Лейтенант Запекайло и дверцы открывает, и ванночку с барахлом на край выволакивает, в ней и хранили деньги.
Вывод: лиходей немного выше Кромкина, но не такой, как хозяин денег.
– Увлекательная работа, – хвалит Инна.
– Так сколько? – не ожидая нового ответа.
– Пятьсот рублей.
Кромкин – из папки бумагу:
– «Пять тысяч. Моя премия…»
– Да таких премий нет! Я от волнения…
«Время мошенников… Вместо одних денег могут дать другие…» Вроде подсказки. Как анекдот про филармонию, где «одни евреи». Они и убиты. Или песня: «Два клёна, любимцы дяди Соломона…» Имя в документах окажется немного погодя. Деревья дальше растут, а «дядя» с этим именем в морге. Тёща Кромкина так и говорит не «два» рубля, а «двадцать». Но майор милиции не тёща!
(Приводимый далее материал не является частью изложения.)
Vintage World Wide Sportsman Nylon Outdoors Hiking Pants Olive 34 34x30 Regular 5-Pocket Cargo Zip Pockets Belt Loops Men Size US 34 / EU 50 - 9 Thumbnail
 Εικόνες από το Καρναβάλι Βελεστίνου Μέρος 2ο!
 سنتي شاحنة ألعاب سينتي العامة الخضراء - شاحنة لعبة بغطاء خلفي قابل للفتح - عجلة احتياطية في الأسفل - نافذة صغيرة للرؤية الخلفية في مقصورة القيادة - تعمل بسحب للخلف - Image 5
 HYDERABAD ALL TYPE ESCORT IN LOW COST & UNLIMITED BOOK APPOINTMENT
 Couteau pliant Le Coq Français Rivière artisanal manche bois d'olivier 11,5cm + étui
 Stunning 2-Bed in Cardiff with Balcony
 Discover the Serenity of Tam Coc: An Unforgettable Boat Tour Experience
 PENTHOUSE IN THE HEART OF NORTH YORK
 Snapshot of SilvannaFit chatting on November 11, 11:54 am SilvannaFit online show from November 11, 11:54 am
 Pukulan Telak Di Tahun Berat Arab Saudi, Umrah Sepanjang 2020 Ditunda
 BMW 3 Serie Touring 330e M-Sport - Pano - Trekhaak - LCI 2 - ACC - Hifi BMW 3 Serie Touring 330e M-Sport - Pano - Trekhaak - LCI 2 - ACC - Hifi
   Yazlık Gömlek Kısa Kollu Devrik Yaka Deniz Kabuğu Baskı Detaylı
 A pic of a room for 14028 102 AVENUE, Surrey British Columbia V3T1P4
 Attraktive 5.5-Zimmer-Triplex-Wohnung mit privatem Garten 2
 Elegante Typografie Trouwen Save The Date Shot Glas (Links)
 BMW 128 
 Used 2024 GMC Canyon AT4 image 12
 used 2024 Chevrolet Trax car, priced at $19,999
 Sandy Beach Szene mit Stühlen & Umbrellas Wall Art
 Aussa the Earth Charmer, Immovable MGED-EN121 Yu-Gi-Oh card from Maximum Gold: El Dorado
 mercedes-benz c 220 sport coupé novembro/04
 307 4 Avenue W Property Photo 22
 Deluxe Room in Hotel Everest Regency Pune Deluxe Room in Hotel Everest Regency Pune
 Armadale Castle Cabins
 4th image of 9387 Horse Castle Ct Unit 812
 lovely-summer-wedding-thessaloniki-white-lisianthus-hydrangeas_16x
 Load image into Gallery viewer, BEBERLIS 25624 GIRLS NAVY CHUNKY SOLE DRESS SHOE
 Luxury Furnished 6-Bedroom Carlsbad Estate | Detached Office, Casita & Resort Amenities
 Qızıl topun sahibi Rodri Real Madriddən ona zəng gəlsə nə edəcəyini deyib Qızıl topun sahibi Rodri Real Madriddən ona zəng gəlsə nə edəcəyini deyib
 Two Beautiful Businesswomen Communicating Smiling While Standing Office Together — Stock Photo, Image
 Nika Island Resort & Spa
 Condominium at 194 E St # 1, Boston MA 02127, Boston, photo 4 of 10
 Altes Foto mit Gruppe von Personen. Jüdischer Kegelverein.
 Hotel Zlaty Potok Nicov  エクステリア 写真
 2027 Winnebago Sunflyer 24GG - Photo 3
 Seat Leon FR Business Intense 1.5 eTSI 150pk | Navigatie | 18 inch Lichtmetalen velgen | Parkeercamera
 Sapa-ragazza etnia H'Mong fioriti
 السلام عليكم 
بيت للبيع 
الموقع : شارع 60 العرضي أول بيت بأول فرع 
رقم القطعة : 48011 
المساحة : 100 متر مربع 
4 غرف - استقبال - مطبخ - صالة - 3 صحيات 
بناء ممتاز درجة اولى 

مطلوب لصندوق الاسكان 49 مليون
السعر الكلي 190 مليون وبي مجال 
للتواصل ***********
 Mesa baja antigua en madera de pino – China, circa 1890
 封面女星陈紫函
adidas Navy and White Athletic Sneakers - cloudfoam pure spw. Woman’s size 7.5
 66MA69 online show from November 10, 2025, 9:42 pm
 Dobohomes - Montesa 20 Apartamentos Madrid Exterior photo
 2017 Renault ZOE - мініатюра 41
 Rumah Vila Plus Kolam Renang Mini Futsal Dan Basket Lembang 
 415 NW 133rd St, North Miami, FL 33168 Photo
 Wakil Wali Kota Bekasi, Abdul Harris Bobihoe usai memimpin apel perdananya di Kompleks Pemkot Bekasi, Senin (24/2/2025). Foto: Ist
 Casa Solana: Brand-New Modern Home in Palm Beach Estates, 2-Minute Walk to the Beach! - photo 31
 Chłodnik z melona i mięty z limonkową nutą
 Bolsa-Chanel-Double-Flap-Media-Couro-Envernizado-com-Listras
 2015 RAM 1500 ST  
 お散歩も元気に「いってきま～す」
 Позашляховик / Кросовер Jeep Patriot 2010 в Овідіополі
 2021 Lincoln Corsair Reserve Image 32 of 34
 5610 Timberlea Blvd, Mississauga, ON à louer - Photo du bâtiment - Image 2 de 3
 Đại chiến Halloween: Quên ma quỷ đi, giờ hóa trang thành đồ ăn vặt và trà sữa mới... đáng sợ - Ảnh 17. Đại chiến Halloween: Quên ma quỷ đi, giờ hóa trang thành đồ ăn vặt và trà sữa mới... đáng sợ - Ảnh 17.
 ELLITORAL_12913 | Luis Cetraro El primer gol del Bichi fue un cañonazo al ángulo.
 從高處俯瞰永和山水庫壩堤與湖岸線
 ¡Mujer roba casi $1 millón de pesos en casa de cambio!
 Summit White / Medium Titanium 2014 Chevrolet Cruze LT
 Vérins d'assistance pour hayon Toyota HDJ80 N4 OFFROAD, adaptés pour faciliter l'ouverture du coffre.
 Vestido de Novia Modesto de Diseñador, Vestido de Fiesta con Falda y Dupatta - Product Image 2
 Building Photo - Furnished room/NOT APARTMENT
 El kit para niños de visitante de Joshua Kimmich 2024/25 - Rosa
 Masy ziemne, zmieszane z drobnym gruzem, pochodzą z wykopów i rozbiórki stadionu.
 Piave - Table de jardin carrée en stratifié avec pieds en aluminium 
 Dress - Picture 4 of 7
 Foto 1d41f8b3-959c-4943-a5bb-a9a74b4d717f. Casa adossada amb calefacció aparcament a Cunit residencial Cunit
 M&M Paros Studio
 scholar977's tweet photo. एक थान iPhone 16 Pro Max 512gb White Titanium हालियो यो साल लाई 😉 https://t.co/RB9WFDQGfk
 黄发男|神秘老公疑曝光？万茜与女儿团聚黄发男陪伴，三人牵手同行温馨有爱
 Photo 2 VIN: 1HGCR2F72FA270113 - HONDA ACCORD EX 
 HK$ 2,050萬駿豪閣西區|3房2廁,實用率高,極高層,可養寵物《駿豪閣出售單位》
Пол-«Волги», «Москвич» целиком! Оговорка – и нет версии (если была), и опять при разбитом корыте, которое не так шикарно, как автомобиль.
Да, об автомобиле…
– Натан Аронович, вы в двадцать тридцать к Хамкиным на такси?
– Я пешком! И не в двадцать тридцать!
– Папа, на «валидол»! Сиди тихо, – укоризненная мимика гостям.
– Вам мало этого горя, – с таблеткой во рту, не вняв рекомендации «сидеть тихо». – Хватит с меня! Я – руководитель коллектива, член горкома партии!
– Вот повестка.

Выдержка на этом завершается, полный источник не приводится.